第三百九十一話 進み出す彼の物語
修孝は、夢見が悪かった、お前がイニーフィネ軍の竜が吐いた紅蓮の炎に巻かれて死ぬ悪夢を見たせいだ、などとは美夜妃に言うことは、とても話し辛く。
そして、美夜妃は修孝自身の異能が『予知夢』であるということを、以前に自分が美夜妃に話したことで、彼女は修孝の異能を『予知夢』であると知っている。
修孝は自分が美夜妃に話すことで、彼女は近い将来において自身が“死ぬ”ということを確信してしまう、ということを、修孝は簡単に想像できたのだ。
いわゆる『死亡預言』。
“お前が死ぬ予知夢を見た”と、口に出すことで、修孝はそれが本当に成就してしまいそうで、美夜妃に話すのが怖かった。
かと言って、修孝は美夜妃に強く当たるような口調で、煩いと撥ね退けるような理由有耶無耶にする、ということもしたくはないし、許嫁にはそのように当たり散らしたくもなかった。
第三百九十一話 進み出す彼の物語
「―――、修孝様?」
「・・・、、、」
そんな折、一人進み出てる者がいる。
彼女自身は童女の形をしているが、その精神は並みの大人以上であり、その実、長い年月を生き永ら経て、まるで二つの尾となった猫や、銀毛九尾となりた狐のような、とても老巧な者である。
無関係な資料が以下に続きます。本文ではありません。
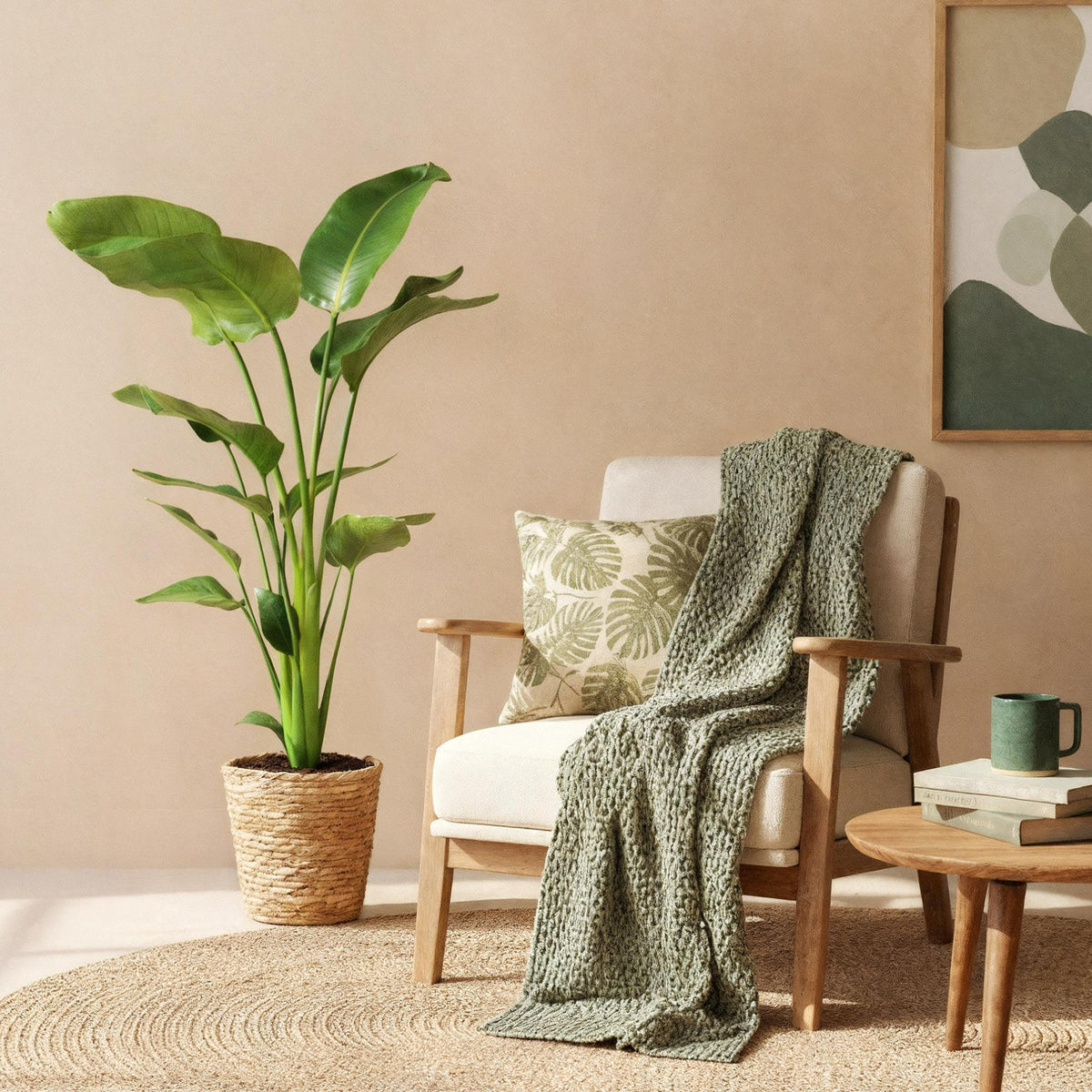 Stelitzia Nicolai, plant in pot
そんなクルシュもまた、美夜妃同様に、修孝のまるで思い詰めたようなその表情に、何か感づいたのだ。
「修孝おにいちゃんなんか怖い顔してる。どうしたの?」
さも、稚児の童女のその声色で、そのくりっとしたかわいいあどけなく、大人を無警戒にさせるような言動を装い、クルシュは修孝に、彼の深そうな悩みを美夜妃に代わって自分が聞き出してやろうと思い、彼に訊いてみた。
子どもの姿の無邪気な自分であれば、きっと修孝は儂に心を開いてくれるであろう、と、クルシュは内心で自信満々だった。
「・・・、あ、いや千歳。本当に大したこと―――、」
だが、修孝の答えはそれで。
クルシュはその首を横に振った。
「ううん、修孝おにいちゃん。なんか―――、そうだ千歳がね、修孝おにいちゃんの困ったを聞いて上げる♪ なんでも話してよっ♪」
「―――、いや、なんでもないさ、千歳」
修孝は、子どもがなにを言ってるんだ、と思った。
だが、千歳に対して邪険に対応するのではなく、ただやんわりとした口調で、千歳という小さな女の子が傷つかないように気遣いつつ言葉を返したのだ。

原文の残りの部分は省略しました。